Although the "lean" movement began on the factory floor, today the process-improvement philosophy and tools have made significant inroads into warehouse and distribution operations. After all, what good is a world-class factory if you have the same old, waste-ridden supply chain?
Lean thinking has also begun to transform the back offices of some manufactures and distributors, as well as the administrative processes within insurance companies, banks and even healthcare facilities. No matter what industry, a concerted focus on eliminating wasteful activity can be a very powerful tool for directing resources toward what customers really want. (See page 23 for some of the traps to avoid when implementing a lean or Six Sigma improvement program.)
One area where lean has had little impact, if any, is government. From the local license bureau to the legislative process in Congress, the government bureaucracy rolls on oblivious to opportunities for improvement. Personally I'm frustrated every election day by the batch-minded setup at my local polling place, which segregates voters by last name. This always leads to some voting booths with long lines (always mine) and others with no line at all.
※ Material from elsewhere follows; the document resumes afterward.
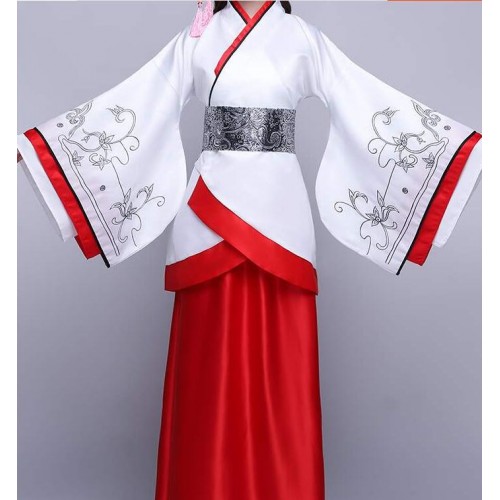 Hanfu women white with red chinese folk dance costumes fairy drama ...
Beyond voting at election time, it's standard editorial practice when presenting news about pending legislation to urge readers to get involved and contact their state and federal representatives to make sure their voice is heard. But given the amount of influence you're likely to have, is it really worth the effort? For improvement-minded managers accustomed to making changes and moving forward, is there really anything you can do to have an impact on what goes on in Washington?
When I asked this question to John Nofsinger, CEO of the Material Handling Industry of America (MHIA, Charlotte, www.mhia.org), he invoked a quote attributed to Otto von Bismarck, "People who enjoy sausage and respect the law should not watch either being made."
Whether it's pending legislation, regulatory issues or the setting of industry standards, he says that people and organizations tend to get involved and can have an impact on what could directly influence them on a daily basis.
"The quickest way for us to get support on anything is for there to be a short-term threat," says Nofsinger. As an example he cites the periodic attempts by the elevator industry to regulate vertical material lifts. Such direct threats allow organizations and people to maintain focus over the long legislative or standard-setting process.
"Rarely is it a slam dunk where you galvanize interest and two months later you see the result. It's usually something that needs constant influence over time," he adds.
Staying informed is one key to identifying threats and maintaining that long-term focus. See the summary in this issue of the legislative issues pending before the new U.S. Congress that could have an impact on material handling businesses in 2007 (page 32). Beyond the standard setting activity of industry associations, lobbying organizations such as the National Association of Manufacturers (www.nam.org) and the U.S. Chamber of Commerce (www.uschamber.com) do a great job of keeping members informed about legislative and regulatory activity.
Back to the question asked above. Whether it's worth trying to influence legislative activity or standards setting processes, or just sit back and react to whatever happens, will depend on the issue. But keep in mind that in all aspects of life and business there are "doers" and there are "done to's." It's always better to be a doer.